My strength can give you: then no more remains,
But that to your sufficiency.

...

as your worth is able, And let them work. The nature of our people,

Our city's institutions, and the terms

For common justice, you're as pregnant in

As art and practice hath enriched any

That we remember. There is our commission,

From which we would not have you warp.

(Measure for Measure, i, 1, 8, Modern editions)

Then no more remains

But that, to your sufficiency, as your worth is able

And let them work.

(First Folio, 1623)

THE vacancy indicated by the row of dots. does not occur in the original editions of Shakespeare. The passage is thus printed by modern editors upon the theory that part of the text is missing. Many attempts have been made to fill out the supposed lacuna by conjecture, but as none have proved successful, the most approved practice is to indicate a loss in the

text.

As this hitch in the lines occurs at the very opening of the play, it has been the cause of much perplexity. Henry Irving said: "This clause in the Duke's first sentence has proved a more awkward stumbling block to commentators than almost any passage in Shakespeare." It is one of the four passages in all the plays which Neilson particularly notes as "hopelessly corrupt." The Globe editors have marked it with the obolus according to their explanation in the preface: "Whenever a lacuna occurs too great to be filled out with any approach to certainty by conjecture, we have marked the passage with an obolus (†)".

What we need here is some thought upon the play as a whole. "Measure for Measure" is a play which deals with the nature of government.

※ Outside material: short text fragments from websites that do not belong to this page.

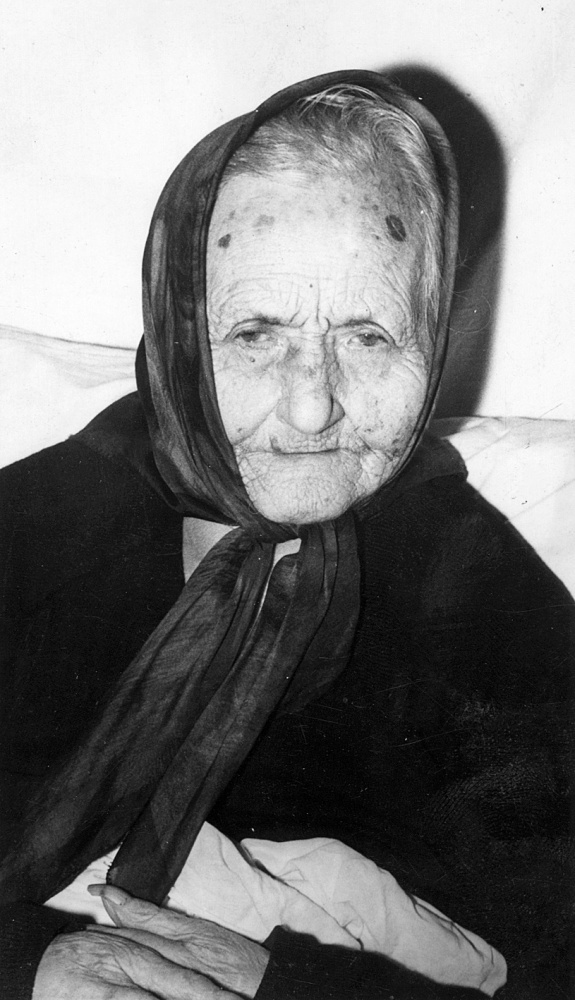 Rosa Pastur Loza. Vecina de Casariego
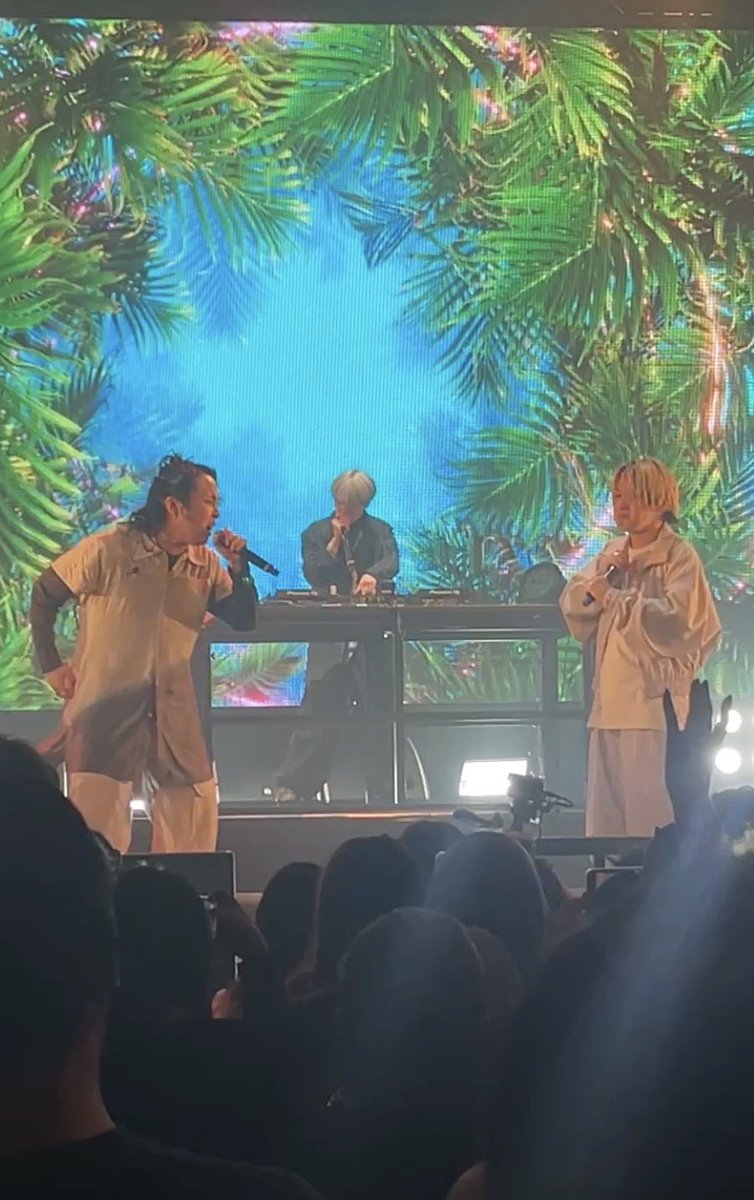 chimonkikuchi's tweet image. SARUKANIワンマンライブ
「three seven」
最高だったー
脳が痺れるほどビートボックス浴びた
そして、ビートボックスの可能性とSARUKANI3人の決意覚悟気合いがパフォーマンスとなって、圧巻‼️て感じでした
ありがとうございました‼️
#SARUKANI
#threeseven
#humanbeatbox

Being a product of Shakespeare's riper years, it has behind it much deep and thoroughgoing thought upon the problems which confront society as a whole. In the outcome Shakespeare emphasizes the fact that though a government may have any number of laws, true justice and the public welfare are, after all, dependent upon the character and insight of those who hold the reins of authority.

In a good public officer three things are necessary - power, intellect and character. A man may have great intellectual ability but it will avail him little in a public position if he have not the authority or power to put his ideas into practice. On the other hand, a man may

be in a position of absolute authority and have any amount of brains, and yet his influence for good will still be dependent upon his moral character his personal nature or "worth" as Shakespeare calls it; for it is this quality which is needed to temper his administration with high beneficent aims and a deep sympathetic insight of human weaknesses and needs. This inner personal government, which is as strict with itself as it is with others, and which looks its own shortcomings in the face, is necessary to guide the intellect and make the authority of good effect.

As I wish to offer this to the reader as a recognized truth, and not a mere interpretation of Shakespeare upon my part, let us take our information upon government from a great political economist of today. Nearest at hand, as I write, I find Outlines of Economics (1893) by Richard T. Ely of the University of Wisconsin. On page 293 he lays down broadly "The Nature and State of Public Activity." After remarking that something more is needed than mere selfish interest to make a successful government, he lays down the following axiom (the italics being his own):

"We must add the social nature, teaching men to act in concert; the intellectual nature, teaching them to act consciously; the moral nature, teaching them to act rightly."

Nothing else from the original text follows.